[Records from a data collection]
╔══

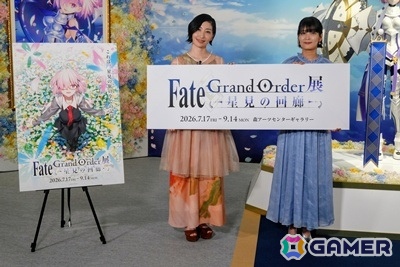 「FGO」の旅路を辿る「星見の回廊」内覧会レポート―初公開の映像に新規描き下ろし、秘蔵の制作資料までの画像54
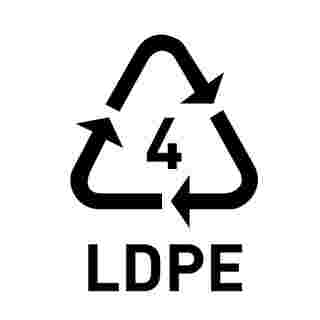 สัญลักษณ์พลาสติก LDPE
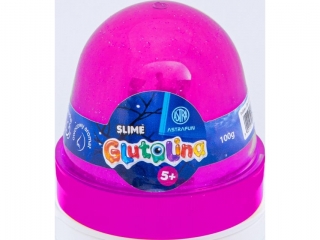 Slime Owocowy Mix Glutolina Astra Fun 100g - 24 szt. display [opakowanie=24szt]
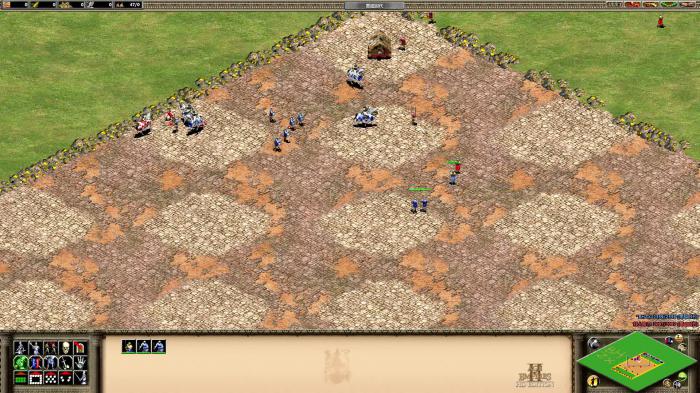 帝国时代2蒙古战役第一关怎么过1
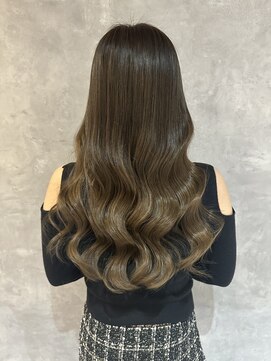 ウララ 表参道(urara) 髪質改善トリートメント#ホワイトグレージュ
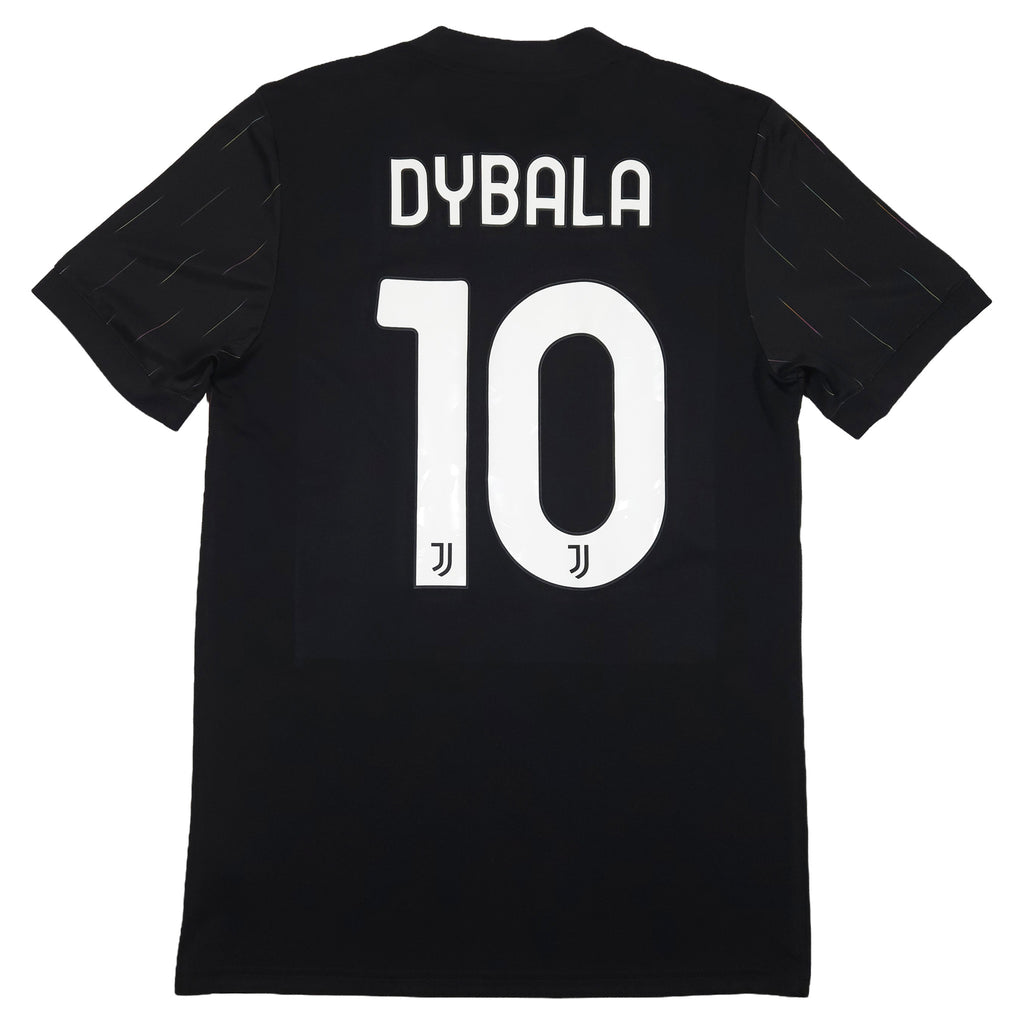 Juventus Away Shirt 2021-22 – Dybala #10 back view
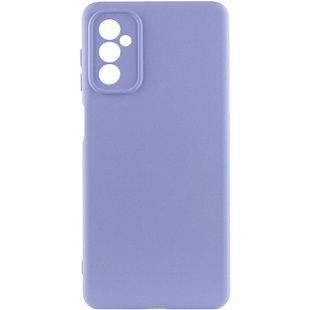 Чехол Silicone Cover Lakshmi Full Camera (A) для Samsung Galaxy M34 5G Сиреневый / Dasheen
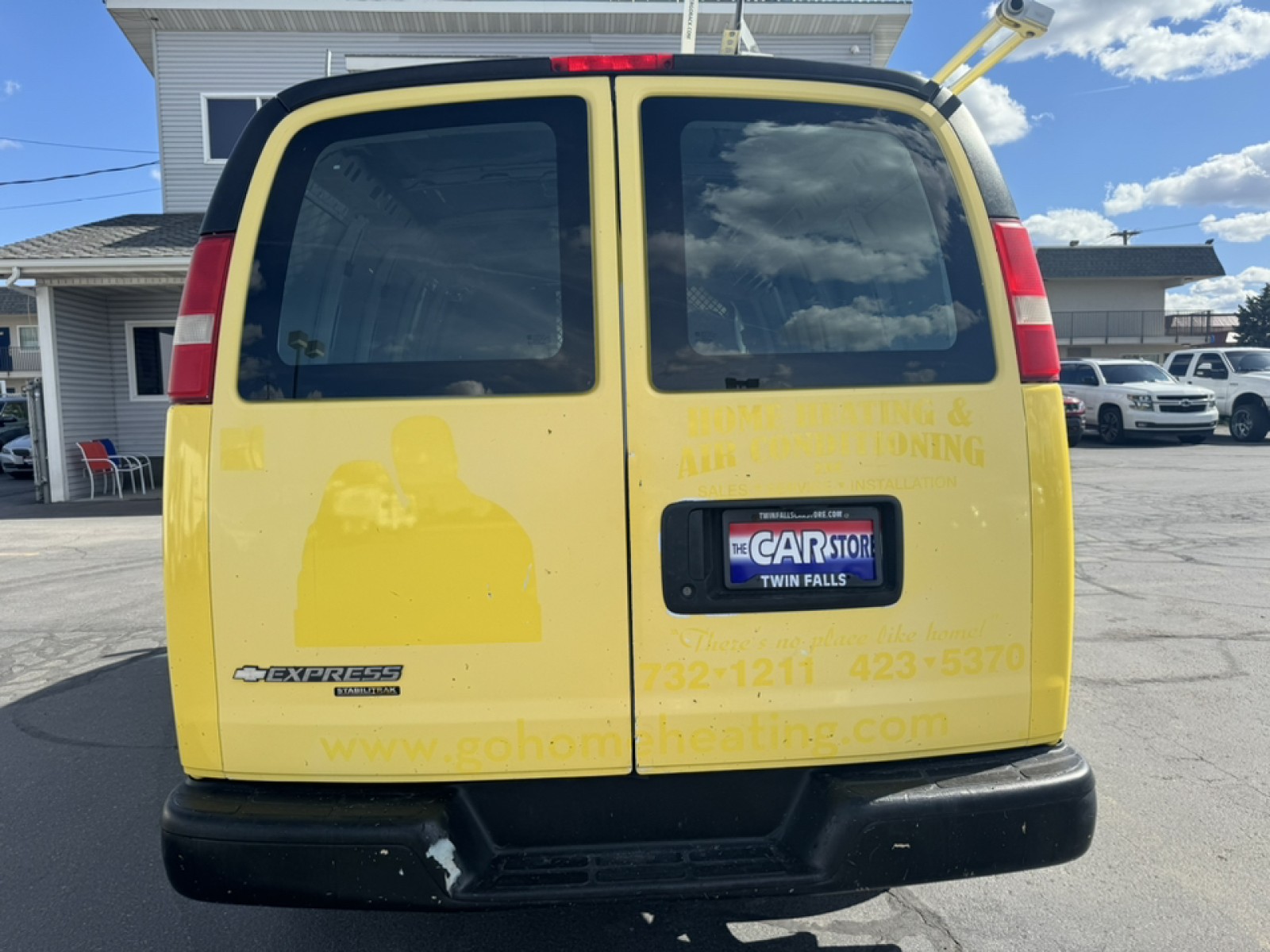 2012 Chevrolet Express Cargo Van  5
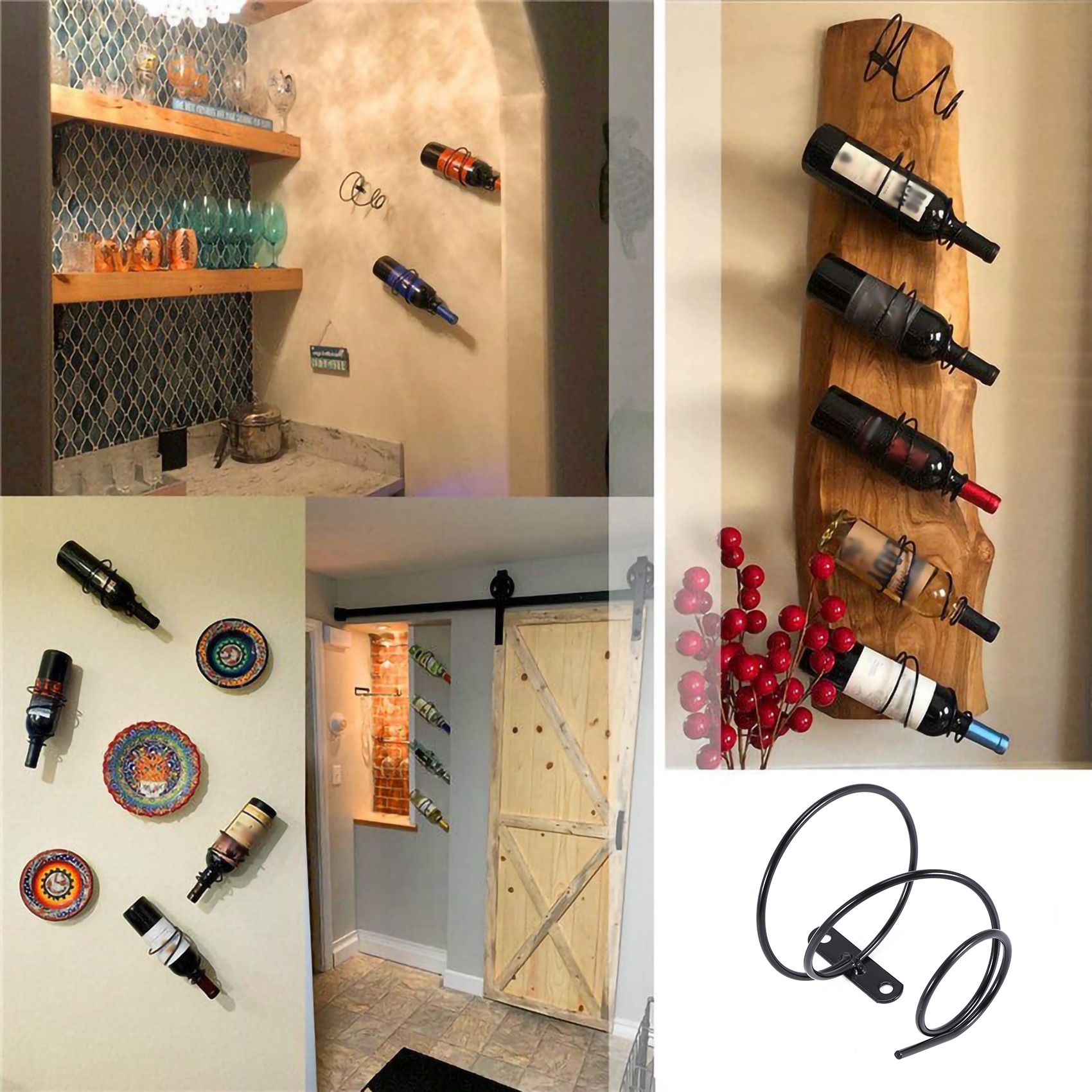 Доставка за 24 часа: Набор из  – обзор и цена Wine Rack Wall Mount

╚══

### TASK TO COMPLETE
Leaving pictures aside, give again word for word each line from the one with "Чехол Silicone Cover" to the final line of the entries.

### EXERCISE OUTPUT
 Чехол Silicone Cover Lakshmi Full Camera (A) для Samsung Galaxy M34 5G Сиреневый / Dasheen
 2012 Chevrolet Express Cargo Van  5
 Доставка за 24 часа: Набор из  – обзор и цена Wine Rack Wall Mount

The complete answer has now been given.